About this exercise.
Where a line looks odd, keep it as it is and transcribe all the material.

--- Input data Enclosed Below ---

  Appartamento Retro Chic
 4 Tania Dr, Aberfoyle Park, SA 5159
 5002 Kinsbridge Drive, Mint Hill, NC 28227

--- End of Enclosed Input data ---

Final answer.
  Appartamento Retro Chic
 4 Tania Dr, Aberfoyle Park, SA 5159
 5002 Kinsbridge Drive, Mint Hill, NC 28227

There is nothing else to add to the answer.